When you take a walk, you make a loop, starting and ending at your home. The most efficient way (in time and energy) to get home would have been just to stay home, but walks aren’t about efficiency of locomotion; they are about walking.
If your walk has a specific destination, say if you’re walking to your favorite breakfast restaurant, you may want to take the fastest route. Or you may not, depending on whether you need a walk and have time to spend. Efficiency only matters when you are too sore to walk much, or if the destination is so far you might not be able to make it in time for breakfast.
Fun isn’t efficient
Many of our daily activities are a bit like walks. You need to spend your waking hours doing something — you can’t finish the day early and move on to the next one before the rest of us. That ‘something’ could either be one of a few regular tasks that you need to do, or it could be entertainment and busywork that were created to fill the gaps.

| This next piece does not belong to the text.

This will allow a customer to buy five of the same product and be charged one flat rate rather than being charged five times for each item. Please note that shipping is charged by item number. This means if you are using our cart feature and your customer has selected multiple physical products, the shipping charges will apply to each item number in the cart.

Given the choice between cramming all my planned activities into 5 hours and spending the remaining 10 watching TV, versus slowing down and spacing out activities like work, reading, housework and commuting to take up the whole day, I’d pick the latter. The trick is to get the ratio right, and the order.
The brain changes behavior through the day
Do you stack all your cognitively demanding tasks back to back? Do you break them up into small chunks separated by breaks? Do you start with the hardest task (to get it out of the way) or the easiest one (to build momentum)?
These are the questions I’m asking myself as I set up my home office and decide on my writing and work schedule. The goal is to set a pace that suits your brain and makes the day enjoyable.
Efficiency can be a part of this process. If there are long periods of waiting for something that disrupt your momentum, or lags that you have to rush later to make up for, it is worth modifying that task to make it more efficient. But that is a local process, in response to an issue with the ergonomics of your day, a term I am using loosely to describe when your activity load doesn’t match what your brain is ready for.
Ergonomic issues with your day may include indecision, fatigue, decision fatigue, eye strain, stiff muscles, hunger, thirst, sleepiness, and boredom. Finding the time intervals and order in which to have breakfast, work, work out, walk, plan, cook, tidy that meet all your needs is the big-picture problem to solve. Defining and adjusting the efficiency of tasks may be a part of this.
Decreasing the efficiency of some tasks may be part of the solution, too. I find that staring at the water I’m boiling for dinner, chopping vegetables at snail pace, and taking ambling walks to places I could drive to give me some of my best ideas.